Fiat-General Motors: perché piace alla Cgil

marzo 30, 2000


Pubblicato In: Giornali


“Nella vicenda Fiat Gm, ha avuto un ruolo importante la consapevolezza di appartenere a una comunità e di assolvere anche a un dovere sociale. Certamente per una public company quei valori non avrebbero contato”. Se avesse letto questa frase di Sergio Cofferati (Era ciò che aspettavamo, La Stampa del 15 Marzo) un sorriso divertito avrebbe illuminato gli occhi vivaci del mio amico Mark Roe. In quella frase Mark che insegna diritto societario alla Columbia Law School, ed il cui Manager forti, azionisti deboli (ed. Il Sole 24 Ore) é famoso anche da noi, tanto da essere più citato che letto avrebbe trovato conferma alla sua tesi dalla incompatibilità tra public company e socialdemocrazia, e delle ragioni per cui in Francia e Italia persiste il modello del capitalismo familiare.

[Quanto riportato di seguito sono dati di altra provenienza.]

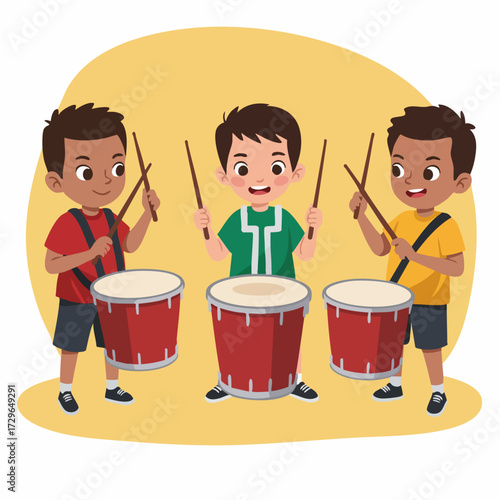 Cartoonish Happy Kids Playing Drum Percussion Instrument Educational Illustration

In tutte le società per azioni il problema della governance è evitare che chi detiene il controllo dell’impresa non si appropri di vantaggi a scapito degli altri azionisti. Nelle società ad azionariato diffuso il rischio per gli azionisti passivi é che il management si allei con i dipendenti: contratti sindacali generosi, assunzioni ridondanti, investimenti senza guardar troppo per il sottile. Proprio la direzione in cui, nelle socialdemocrazie, spingono leggi, politica, consenso sociale, potere sindacale. In questa situazione i risparmiatori pensano che i loro risparmi sono meglio protetti dal capitalismo famigliare: insieme ai loro interessi faranno anche i miei, pensano, e gli affidano i propri risparmi. Questa é, secondo Roe, la ragione perchè da noi finora non si sono formate grandi società ad azionariato diffuso.

Negli ultimi anni, i mercati azionari globalizzati, l’attivismo degli investitori istituzionali, le stock option, hanno aumentato la pressione sui manager: anche da noi la proprietà diffusa finirà per affermarsi. E’ questo che teme Cofferati, é per questo che offre pubblico riconoscimento all’avversario di sempre? C’é da dubitarne, egli sa bene che da noi di public company si continua solo a parlare. A stargli a cuore non sono le sorti non delle grandi famiglie, ma quelle della concertazione, soprattutto dopo che in Confindustria, con Antonio D’Amato, ha vinto una maggioranza non certo propensa alla mistica della concertazione. A questa pensa quando esalta, del capitalismo famigliare, la sensibilità “all’idea della propria funzione, al radicamento sul territorio”.
Ma così balza in evidenza una contraddizione: perchè la public company è stata il modello che i governi hanno dichiarato di assumere nella privatizzazione delle maggiori imprese. Voleva questo modello Romano Prodi quando, capo dell’IRI, vendette Comi e Credit; per Telecom, il nocciolo duro avrebbe dovuto accompagnare solo la transizione all’azionariato diffuso; il modello public company resta quello di riferimento per le pseudo – privatizzazioni di ENI ed Enel. Sappiamo invece come andò a finire: Prodi si considerò beffato da Mediobanca per le sue banche, e pare non abbia molto apprezzato l’iniziativa di Colaninno su Telecom; e quanto al gas e all’elettricità quello della public company resta uno sfondo lontano, lontano….
Questo non avviene per l’onnipresenza dell’Avvocato, per l’aggressività dell’Ingegnere, per la cupidigia del terribile vecchio di Via Filodrammatici, ma per effetto di una contraddizione. Dato che la concertazione contribuisce certamente a formare quel consenso sociale di cui parla Roe, una politica che da un lato prenda la concertazione come propria pietra angolare, dall’altro auspichi il formarsi di public company, è in contraddizione con se stessa. La frase del massimo leader sindacale la illustra in modo esemplare.